U.S. officials said emergency operations had been suspended Monday night because of the storm but were ramping up again Tuesday. Military helicopters were being dispatched to Haiti's hard-hit southwestern peninsula to bypass damaged bridges and roads, and seven U.S. Coast Guard cutters were steaming toward the impoverished nation. Meanwhile, a 65-member search and rescue team from the Fairfax County Fire and Rescue Department in Virginia started work in the disaster area.

Asked whether Haiti was receiving enough foreign aid, Sarah Charles, assistant administrator of the USAID Bureau of Humanitarian Affairs, told reporters that "we are working with international partners to scale up assistance. Much more will be needed in the coming days and weeks."

Officials on Tuesday raised the death toll to 1,941 people. The quake was stronger than the devastating 2010 temblor that led to the deaths of more than 220,000 people, but it was centered farther from the densely populated capital. Thus far, U.S. officials said, assessments suggest Saturday's quake damage did not compare to that earlier disaster.

Still, the death toll was expected to climb, as authorities arrived at villages cut off by rubble and washed-out roads.

Roosevelt Louis, head of the Fondation Sainte Rose d'Haïti, a charity in Les Cayes, said he had heard that a community north of the city, Maniche, was in critical condition. "But we can't go there because of the rain," which had made the roads impassable, he said.

The weather was not the only barrier to relief operations. Violent gangs were hindering aid groups from reaching quake-shattered areas, the Haiti mission of the U.N. Office for the Coordination of Humanitarian Affairs said Tuesday. "W/out sustained, & unhindered #humanitarianaccess, thousands of people in need of urgent assistance could die," the office tweeted.

Haitian officials and U.N. representatives have negotiated permission for two relief convoys to travel from the capital, Port-au-Prince, to the southwestern peninsula, on a major road that gangs had blocked for months, according to the U.N. office. But the situation was volatile. "There is not a reliable, permanent humanitarian corridor," said Coria. "It's one truck at a time, one day at a time."

Further complicating matters, he said, some residents of towns along the route were stopping the convoys to demand aid. And there were few places for truck drivers or crews to sleep or eat. "All the guesthouses and small hotels in the field that we used in the last five years, after Hurricane Matthew, they are all destroyed," he said.

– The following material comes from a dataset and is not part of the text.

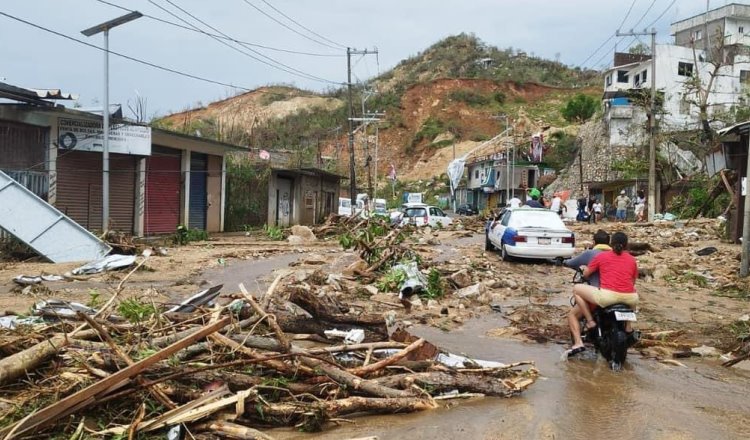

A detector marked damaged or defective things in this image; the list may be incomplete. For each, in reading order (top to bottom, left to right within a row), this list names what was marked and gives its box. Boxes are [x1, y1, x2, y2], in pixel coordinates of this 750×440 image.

As the tropical storm swept past on Tuesday, residents of Les Cayes tried to recover. Traffic was snarled by flooding and cracks that snaked through the streets. Still, pharmacies and money-transfer businesses - a lifeline for the millions of Haitians who rely on transfers from relatives abroad - reopened. Residents using shovels and their bare hands resumed their painstaking efforts to extract victims from collapsed buildings.

Chery said he had pulled four bodies from the wreckage of a three-story apartment building in the Brefet neighborhood a day earlier but had not given up hope of finding survivors.

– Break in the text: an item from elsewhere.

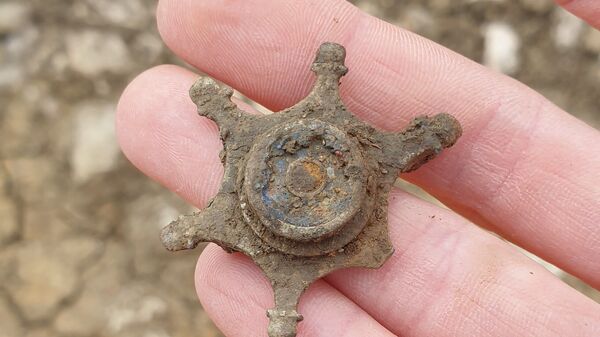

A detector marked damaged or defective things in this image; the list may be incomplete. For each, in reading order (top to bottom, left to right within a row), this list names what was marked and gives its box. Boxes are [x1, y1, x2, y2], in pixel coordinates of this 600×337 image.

corroded metal artifact [162, 42, 462, 336]
rust on metal [161, 42, 464, 336]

"We still have at least one person alive in the rubble," he said.

More than 84,000 homes have been destroyed or damaged by the quake, in a region that was already whipsawed by Hurricane Matthew in 2016.

"The remote areas are as badly damaged as the city," said Silvera Guillaume, civil protection chief in southern Haiti, one of the three regions hit hardest by the quake. "We're still collecting information, since there are places we have yet to get to." He appealed for more international assistance. "We don't have the means to respond."

The center of Tropical Storm Grace was moving near the northwest coast of Jamaica on Tuesday evening. The U.S. National Hurricane Center warned that the system was likely to strengthen into a hurricane Wednesday as it approached the Yucatan coast of Mexico.